[Activity]:
Would you repeat word for word the lines of the listing that follows, from the one with "Sunpan REMY End" up to and including the one with "Wood Round LED", and leave out the images?
*** Opening Records ***
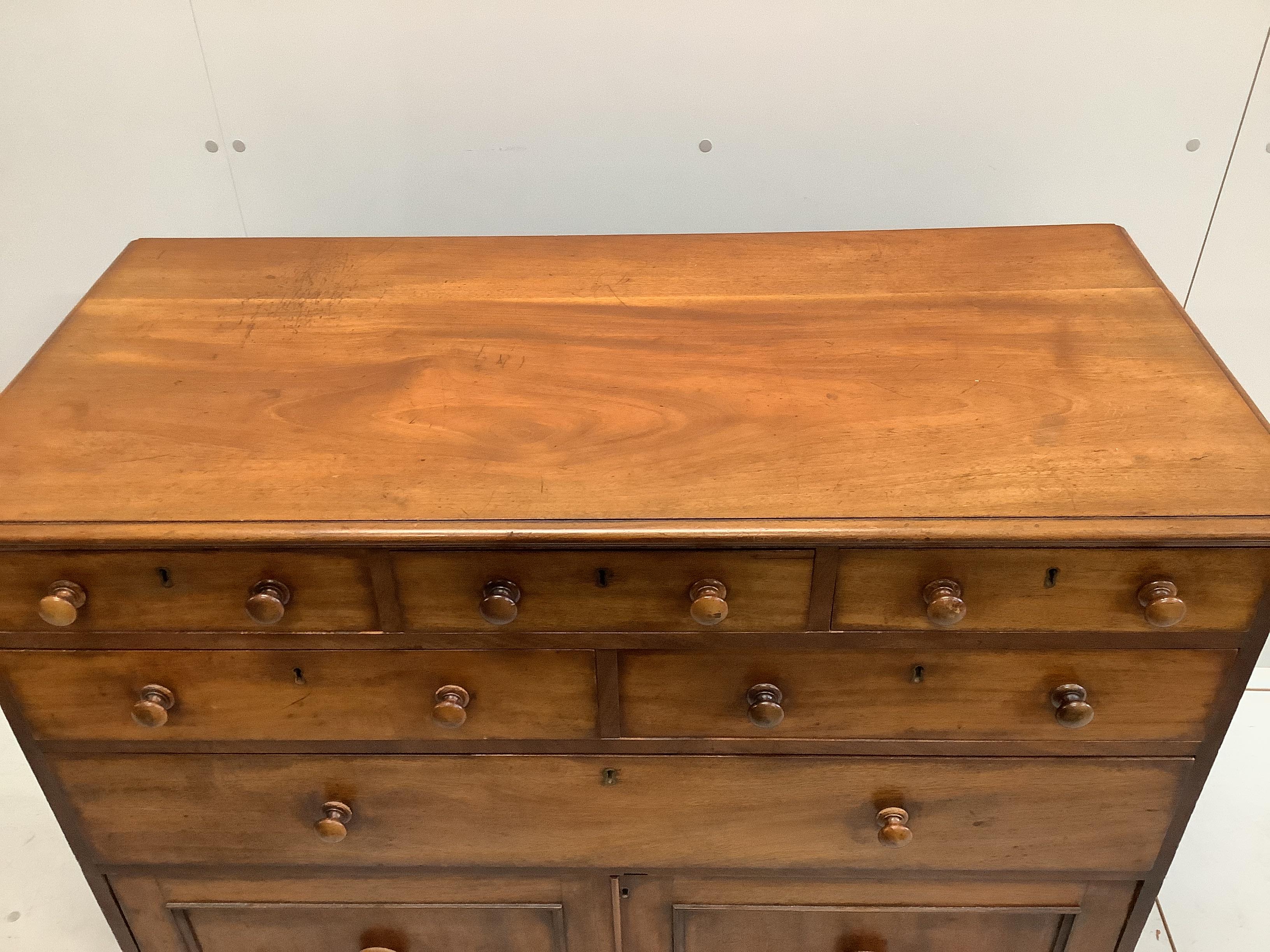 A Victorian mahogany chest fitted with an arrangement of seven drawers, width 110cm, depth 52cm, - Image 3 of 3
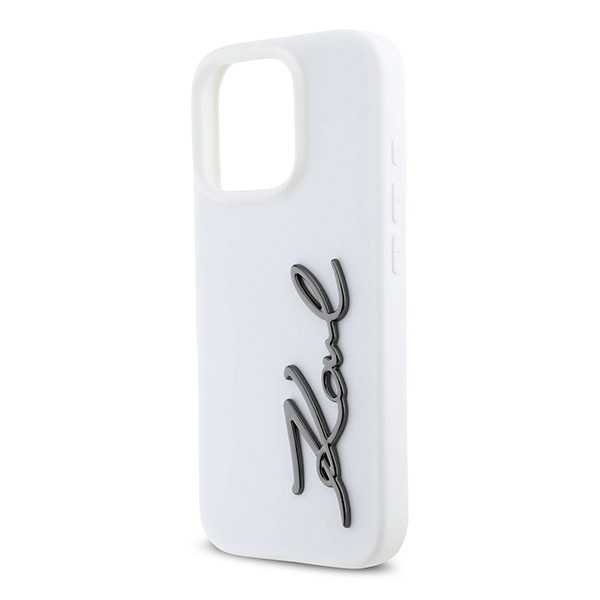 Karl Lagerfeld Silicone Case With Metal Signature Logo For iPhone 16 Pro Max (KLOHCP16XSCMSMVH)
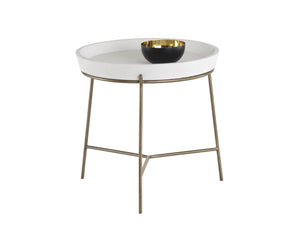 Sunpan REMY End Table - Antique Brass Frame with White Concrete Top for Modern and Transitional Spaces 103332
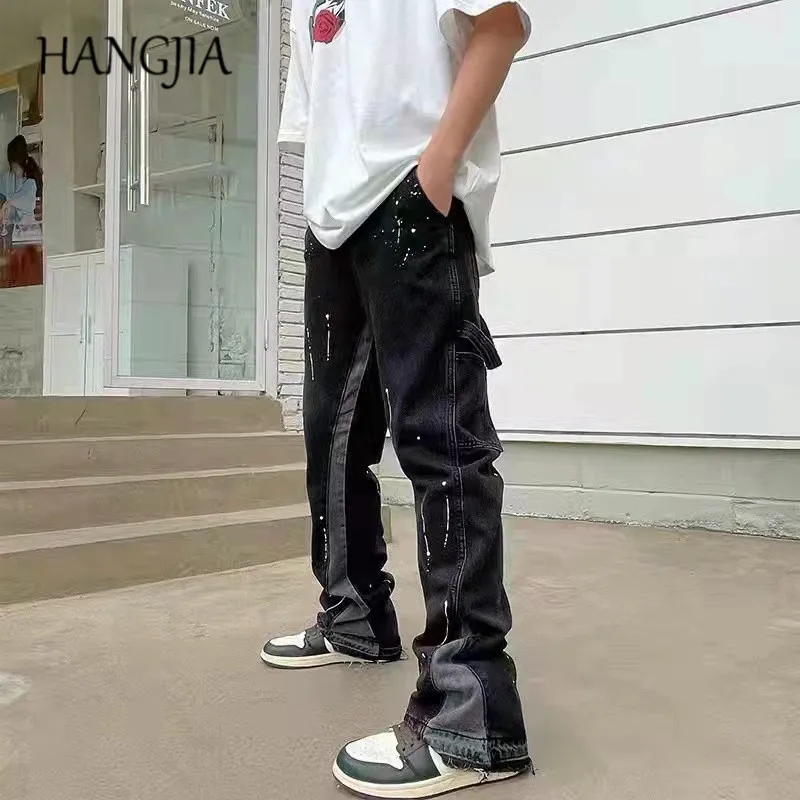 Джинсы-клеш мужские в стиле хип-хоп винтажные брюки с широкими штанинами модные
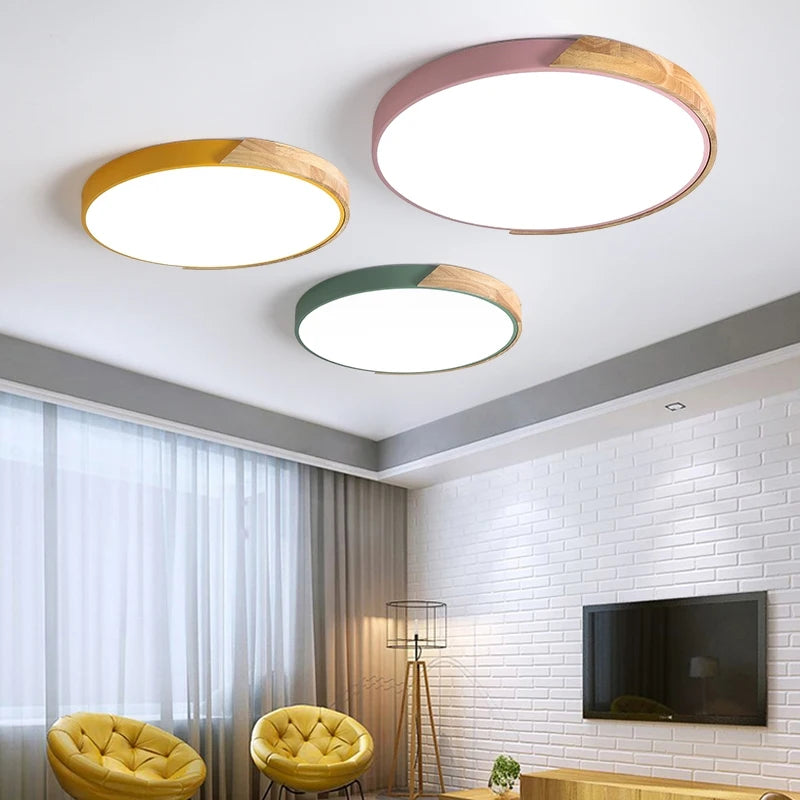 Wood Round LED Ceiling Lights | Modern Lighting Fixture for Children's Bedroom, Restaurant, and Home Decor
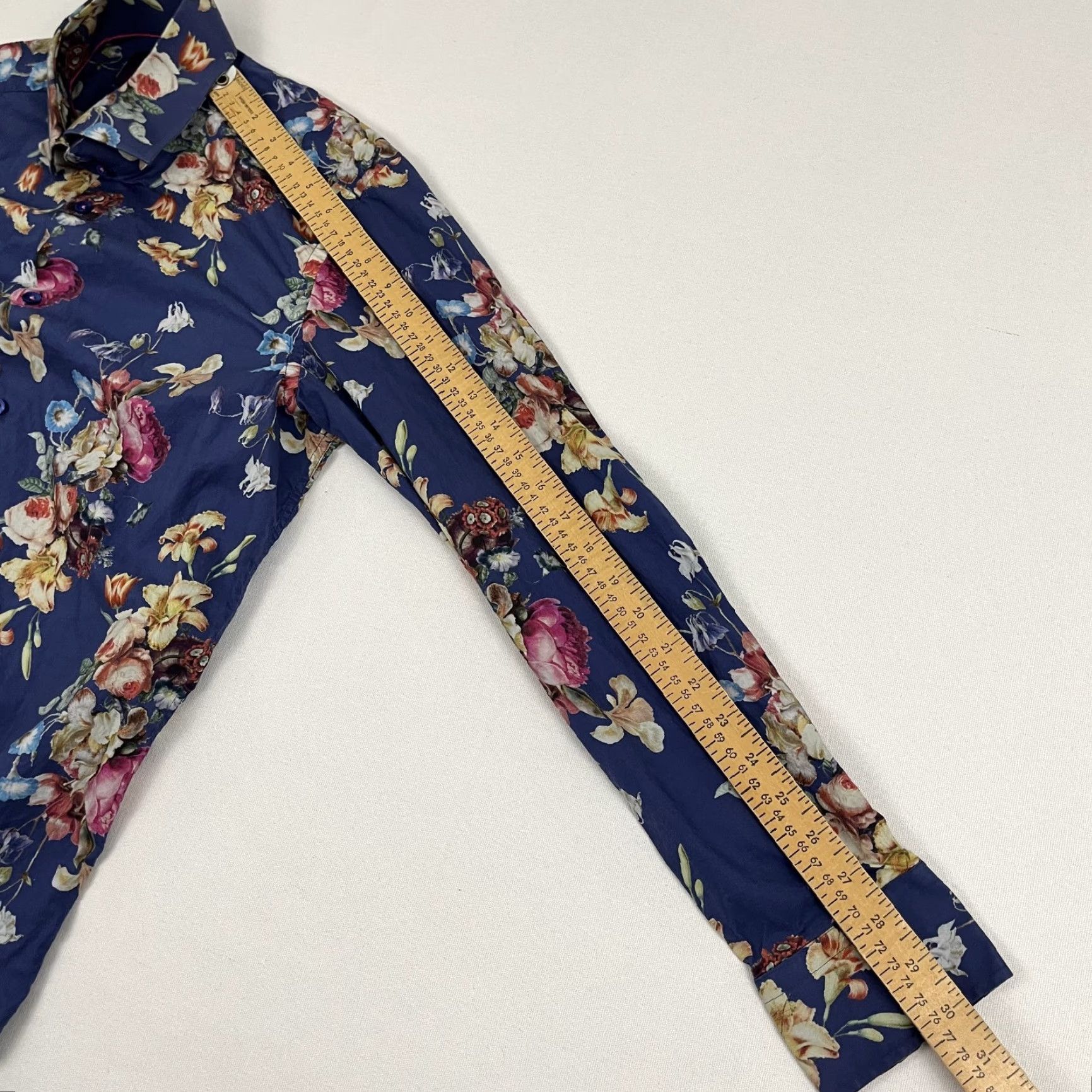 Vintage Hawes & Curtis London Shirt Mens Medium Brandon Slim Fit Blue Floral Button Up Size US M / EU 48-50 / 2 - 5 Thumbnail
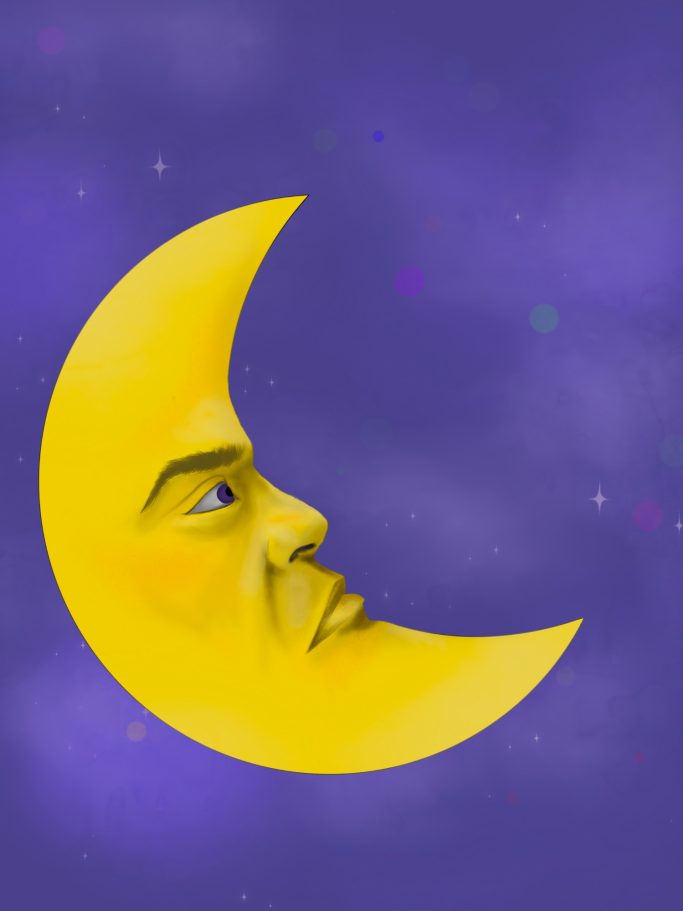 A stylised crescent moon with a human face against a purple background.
*** Closing Records ***
[Completed exercise]:
 Sunpan REMY End Table - Antique Brass Frame with White Concrete Top for Modern and Transitional Spaces 103332
 Джинсы-клеш мужские в стиле хип-хоп винтажные брюки с широкими штанинами модные
 Wood Round LED Ceiling Lights | Modern Lighting Fixture for Children's Bedroom, Restaurant, and Home Decor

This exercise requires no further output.